Seorang ibu kelihatan akan memasuki ruangan itu. Ia agak malu-malu. Di depan pintu masuk ia sempat ingin melepaskan alas kakinya. Seorang pria muda (mungkin lima tahun di bawah saya) menepuk pundak ibu tadi agar membatalkan niatnya. Saya melihat kejadian itu karena saya duduk persis di depan gedung itu. Maklum penulis jalanan selalu ada di mana-mana.
Ibu itu pun keluar, di sampingnya ada pemuda itu. Dia mengantarkan ibu tadi di tempat di mana ia menjemputnya. Setelah ibu itu menjauh darinya, pemuda itu hanya menggelengkan kepala sambil memandang penuh rasa simpati.
Saya mendekat ke tempat di mana pemuda itu berdiri. Dengan sikap penuh rasa hormat saya mengajak pemuda itu ngobrol santai. Sebungkus LA Bold saya letakkan di atas meja. Ia pun mengeluarkan sebungkus Sampoerna Mild dari saku bajunya. Dia ini tak lain teman saya. Teman yang dikenal dari Facebook kemudian menjadi teman dekat.
Saya tanya kepada teman saya ini tentang sosok wanita tadi. Dengan singkat dia kasih tahu kalau ibu itu janda. Hidup di desa tapi gigih memperjuangkan hidup kedua anaknya. Suaminya sudah meninggal dunia. Demi kedua anaknya ia tak buru-buru kawin lagi.
Hari itu dia menemui teman saya ini untuk meminjam duit demi biaya pengobatan karena salah satu anaknya sakit.
Jawaban teman saya ini membuka kembali memori masa lalu saya setelah ayah (bapak) mati muda. Ibu (mama) jadi janda muda. Untungnya saya anak tunggal jadi tidak cukup membebani ibu. Apalagi di usia remaja saya sudah cukup mendiri walau hidup dalam kemiskinan.
Bukan hanya saya. Hari ini banyak anak-anak yang hidup bersama ibu mereka sebagai orang tua tunggal. Salut juga melihat ibu mereka berjuang "berdarah-darah" untuk menghidupi anak-anaknya.
Menjadi janda apalagi janda muda bukan perkara mudah. Dibutuhkan kekuatan luar biasa agar bisa hidup mandiri dalam kondisi tekanan psikis dan materi dalam menghadapi berbagai persoalan hidup.
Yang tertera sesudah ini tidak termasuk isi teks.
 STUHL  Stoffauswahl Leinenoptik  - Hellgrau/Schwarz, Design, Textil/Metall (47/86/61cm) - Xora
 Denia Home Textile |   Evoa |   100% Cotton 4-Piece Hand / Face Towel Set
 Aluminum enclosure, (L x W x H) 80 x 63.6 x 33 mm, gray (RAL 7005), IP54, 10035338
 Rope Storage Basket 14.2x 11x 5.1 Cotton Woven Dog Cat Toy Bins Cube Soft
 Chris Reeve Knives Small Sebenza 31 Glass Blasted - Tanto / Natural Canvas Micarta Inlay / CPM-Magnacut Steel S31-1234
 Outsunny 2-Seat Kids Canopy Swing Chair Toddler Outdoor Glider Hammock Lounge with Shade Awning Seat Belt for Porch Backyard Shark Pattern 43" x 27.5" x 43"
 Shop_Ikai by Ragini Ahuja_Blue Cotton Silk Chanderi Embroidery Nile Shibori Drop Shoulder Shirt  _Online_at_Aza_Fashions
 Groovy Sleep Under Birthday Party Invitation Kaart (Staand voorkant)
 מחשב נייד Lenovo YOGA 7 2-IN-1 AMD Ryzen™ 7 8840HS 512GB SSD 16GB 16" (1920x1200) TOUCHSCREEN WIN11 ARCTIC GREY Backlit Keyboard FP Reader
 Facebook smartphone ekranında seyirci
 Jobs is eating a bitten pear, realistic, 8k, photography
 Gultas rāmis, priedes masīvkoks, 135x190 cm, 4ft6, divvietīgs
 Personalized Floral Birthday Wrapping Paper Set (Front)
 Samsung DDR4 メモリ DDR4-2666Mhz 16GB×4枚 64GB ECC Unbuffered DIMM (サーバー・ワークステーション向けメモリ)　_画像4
Apalagi ada beberapa anak yang menjadi tanggung jawab dia sebagai orang tua tunggal. Banyak yang gagal tapi tidak sedikit yang berhasil.
Teman juga bercerita tentang sosok ibunya yang menjadi inspirasi hidup bagi dirinya.
Mereka tiga bersaudara. Ibunya menjadi janda lantaran ditinggal pergi sama suami karena alasan tertentu. Mereka hidup tanpa ayah sejak kecil. Untuk memenuhi kebutuhan hidup mereka, ibunya bekerja serabutan. Menjadi tukang cuci, berjualan, dan mengerjakan apa saja yang penting halal.Â
Satu komitmen mereka bahwa apapun terjadi anak-anak harus tetap sekolah. Bagi mereka pendidikan adalah "the way" dalam usaha mengubah nasib.
Dengan kerja keras dan doa, ketiga saudara ini berhasil menamatkan pendidikan. Untungnya mereka dikaruniai kecerdasan yang baik. Mungkin juga karena komitmen mereka untuk selalu tekun belajar sehingga prestasi belajar mereka sangat baik, sejak SD sampai perguruan tinggi.
Usaha keras ibu mereka ditambah doa tulus seorang ibu membawa kakak sulungnya menjadi PNS. Dengan menjadi PNS yang jelas beban ibu mereka yang semakin renta berkurang. Selanjutnya kakak sulung bertanggung jawab atas mereka. Sampai hari ini si bungsu sudah menjadi seorang dokter. Penderitaan hidup membawa mereka dalam kesuksesan.
Sebagai guru saya mendapati beberapa anak didik saya bernasib sama seperti saya. Ketika saya tanya apakah nanti kalian akan kuliah?
"Tidak, Bapak e. Tidak punya uang," begitu jawab mereka.
Jawaban ini yang selalu keluar dari mereka. Ketika saya bertemu dengan orang tua mereka saya selalu bilang ayo bapak ibu lanjutkan anak-anak kalian ke jenjang pendidikan tinggi. Tapi apa? Ekspresi yang tampak adalah selalu pesimis.
Sebenarnya jika orang mau berusaha dan berjuang habis-habisan orang bisa sukses. Banyak kok orang sukses gagal berkali-kali sebelum membawa mereka pada tangga kesuksesan.